Tyr, quand le refuge sanitaire devient cible
Israël présente sa campagne au Liban comme une guerre dirigée contre des centres et des infrastructures du Hezbollah. Ce cadre de communication doit être rappelé, parce qu’il structure l’argumentaire militaire israélien depuis le début de l’escalade. Mais il ne répond pas, en soi, à la question précise posée par les frappes contre la Croix-Rouge. Dans le droit de la guerre, il ne suffit pas d’invoquer la présence d’un ennemi dans un théâtre d’opérations pour effacer la protection spéciale accordée aux ambulances, aux secouristes et aux centres médicaux. Encore faut-il démontrer, pour chaque cas, que la protection avait cessé en raison d’un usage hostile réel, ou que l’attaque visait un objectif militaire licite en respectant les principes de distinction, de précaution et de proportionnalité. À ce stade, les éléments publics consultés sur Beit Yahoun et Tyr sont surtout ceux de la Croix-Rouge libanaise, du ministère de la Santé et des organisations internationales. Ils imposent donc, au minimum, l’exigence d’une enquête indépendante.
C’est ici que le terme de « viser » prend tout son poids. Il ne signifie pas seulement « atteindre ». Il signifie orienter la violence vers un maillon identifié du secours. Les événements des 12 et 13 avril suggèrent précisément cela : une équipe de la Croix-Rouge repérée sur le terrain, puis un centre de la Croix-Rouge touché à Tyr. Même si des investigations devront établir les circonstances exactes, la séquence produit déjà un effet stratégique évident. Elle dissuade les secouristes d’avancer, elle terrorise les familles qui attendent une évacuation, elle délégitime l’idée d’un couloir sûr, et elle fait comprendre que l’uniforme, l’ambulance et l’emblème n’offrent plus la garantie qu’ils sont censés offrir. Pour une population civile prise sous les frappes, cette perception a des conséquences immédiates. On tarde à appeler les secours. On évacue plus tard. On meurt davantage de blessures pourtant traitables.
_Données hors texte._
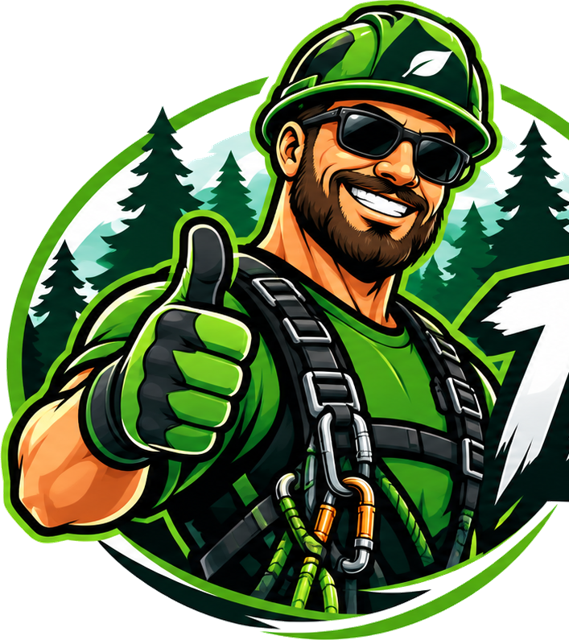 mascot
Et les villes comme Tyr, déjà sous pression, voient leurs centres de réponse se transformer en cibles potentielles.
Le raid de Tyr frappe aussi un symbole urbain et humanitaire majeur. La ville n’est pas seulement un point sur la carte du Sud. Elle est l’un des grands points de passage sanitaire pour les localités méridionales, tout en vivant sous la menace directe des frappes et des ordres d’évacuation. Lorsqu’un centre de la Croix-Rouge y est touché au moment d’un transfert, l’impact dépasse la victime immédiate et les véhicules abîmés. Ce sont les capacités de tout un bassin de population qui se trouvent fragilisées. La destruction ou la mise hors service d’ambulances réduit le nombre d’interventions possibles dans les heures suivantes. La peur parmi les équipes modifie les temps de départ. La confiance du public dans les points de secours se fissure. Et la ville elle-même perd un peu plus sa fonction de refuge relatif pour le Sud.